▶ **STORED DATA**
---

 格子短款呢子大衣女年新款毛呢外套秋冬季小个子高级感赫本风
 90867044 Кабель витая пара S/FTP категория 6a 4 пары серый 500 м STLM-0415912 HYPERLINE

---

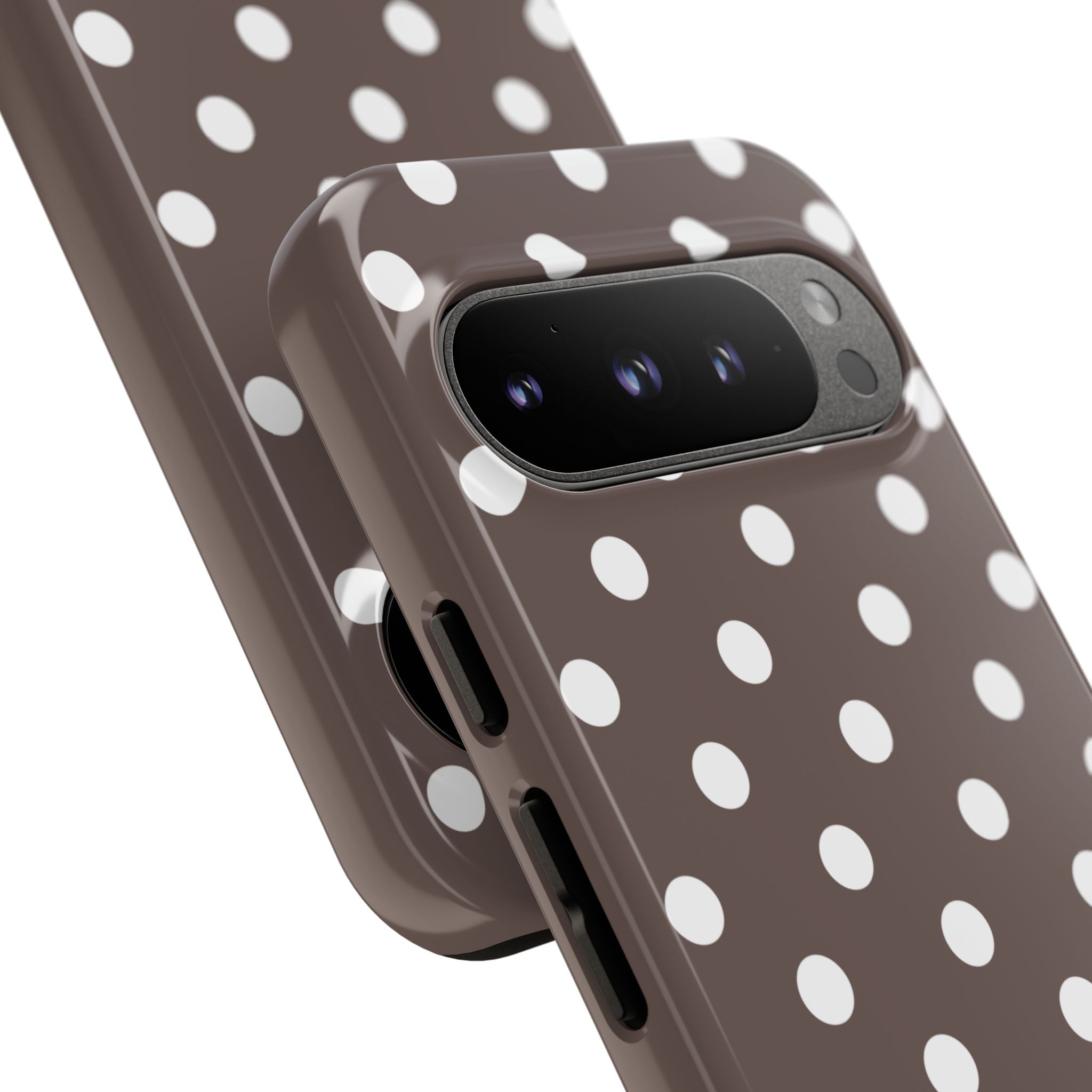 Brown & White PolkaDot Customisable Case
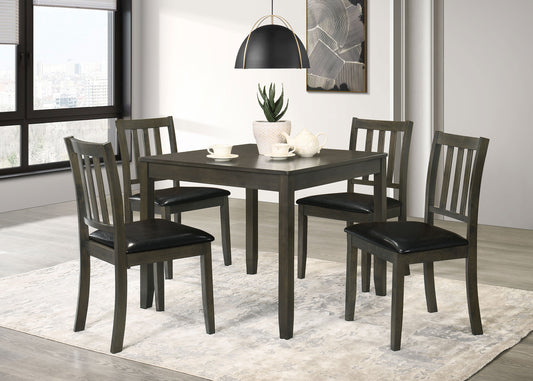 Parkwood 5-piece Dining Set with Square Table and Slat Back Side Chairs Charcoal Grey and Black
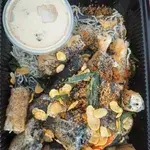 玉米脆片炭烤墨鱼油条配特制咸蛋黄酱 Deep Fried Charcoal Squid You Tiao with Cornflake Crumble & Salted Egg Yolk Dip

---

▶ **REQUIRED ACTION**
Looking at the data above, return every line from the one with "格子短款呢子大衣女年新款毛呢外套秋冬季小个子高级感赫本风" down to the one with "90867044 Кабель витая", exactly and inclusively.

▶ **RESULT OF THE TASK**
 格子短款呢子大衣女年新款毛呢外套秋冬季小个子高级感赫本风
 90867044 Кабель витая пара S/FTP категория 6a 4 пары серый 500 м STLM-0415912 HYPERLINE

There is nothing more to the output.